§ REQUIREMENT:
Return each line of the data below unchanged, please.

++++ MATERIAL SHOWN

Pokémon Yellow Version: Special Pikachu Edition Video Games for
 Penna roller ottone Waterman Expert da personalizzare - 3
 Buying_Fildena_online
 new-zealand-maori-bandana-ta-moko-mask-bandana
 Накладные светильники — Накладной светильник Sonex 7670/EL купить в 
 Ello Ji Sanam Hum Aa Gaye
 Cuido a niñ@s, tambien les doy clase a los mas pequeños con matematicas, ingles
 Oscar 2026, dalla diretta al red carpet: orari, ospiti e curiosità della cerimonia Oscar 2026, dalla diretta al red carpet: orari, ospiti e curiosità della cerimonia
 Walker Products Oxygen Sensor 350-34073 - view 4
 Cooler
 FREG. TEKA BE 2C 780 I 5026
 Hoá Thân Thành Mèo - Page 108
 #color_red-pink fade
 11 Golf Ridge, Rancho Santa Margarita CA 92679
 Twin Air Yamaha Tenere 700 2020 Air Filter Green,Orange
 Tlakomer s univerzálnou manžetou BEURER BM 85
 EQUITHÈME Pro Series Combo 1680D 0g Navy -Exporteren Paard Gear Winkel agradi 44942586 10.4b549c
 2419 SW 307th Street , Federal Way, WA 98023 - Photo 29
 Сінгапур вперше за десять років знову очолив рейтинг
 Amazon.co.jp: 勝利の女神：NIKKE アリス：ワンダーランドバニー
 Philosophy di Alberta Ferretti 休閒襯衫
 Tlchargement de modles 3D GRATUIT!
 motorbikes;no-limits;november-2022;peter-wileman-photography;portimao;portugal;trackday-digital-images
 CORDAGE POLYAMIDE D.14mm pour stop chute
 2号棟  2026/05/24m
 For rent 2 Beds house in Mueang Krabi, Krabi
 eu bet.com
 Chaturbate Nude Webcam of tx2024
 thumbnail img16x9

++++++++

§ SOLUTION TO THIS TASK:
Pokémon Yellow Version: Special Pikachu Edition Video Games for
 Penna roller ottone Waterman Expert da personalizzare - 3
 Buying_Fildena_online
 new-zealand-maori-bandana-ta-moko-mask-bandana
 Накладные светильники — Накладной светильник Sonex 7670/EL купить в 
 Ello Ji Sanam Hum Aa Gaye
 Cuido a niñ@s, tambien les doy clase a los mas pequeños con matematicas, ingles
 Oscar 2026, dalla diretta al red carpet: orari, ospiti e curiosità della cerimonia Oscar 2026, dalla diretta al red carpet: orari, ospiti e curiosità della cerimonia
 Walker Products Oxygen Sensor 350-34073 - view 4
 Cooler
 FREG. TEKA BE 2C 780 I 5026
 Hoá Thân Thành Mèo - Page 108
 #color_red-pink fade
 11 Golf Ridge, Rancho Santa Margarita CA 92679
 Twin Air Yamaha Tenere 700 2020 Air Filter Green,Orange
 Tlakomer s univerzálnou manžetou BEURER BM 85
 EQUITHÈME Pro Series Combo 1680D 0g Navy -Exporteren Paard Gear Winkel agradi 44942586 10.4b549c
 2419 SW 307th Street , Federal Way, WA 98023 - Photo 29
 Сінгапур вперше за десять років знову очолив рейтинг
 Amazon.co.jp: 勝利の女神：NIKKE アリス：ワンダーランドバニー
 Philosophy di Alberta Ferretti 休閒襯衫
 Tlchargement de modles 3D GRATUIT!
 motorbikes;no-limits;november-2022;peter-wileman-photography;portimao;portugal;trackday-digital-images
 CORDAGE POLYAMIDE D.14mm pour stop chute
 2号棟  2026/05/24m
 For rent 2 Beds house in Mueang Krabi, Krabi
 eu bet.com
 Chaturbate Nude Webcam of tx2024
 thumbnail img16x9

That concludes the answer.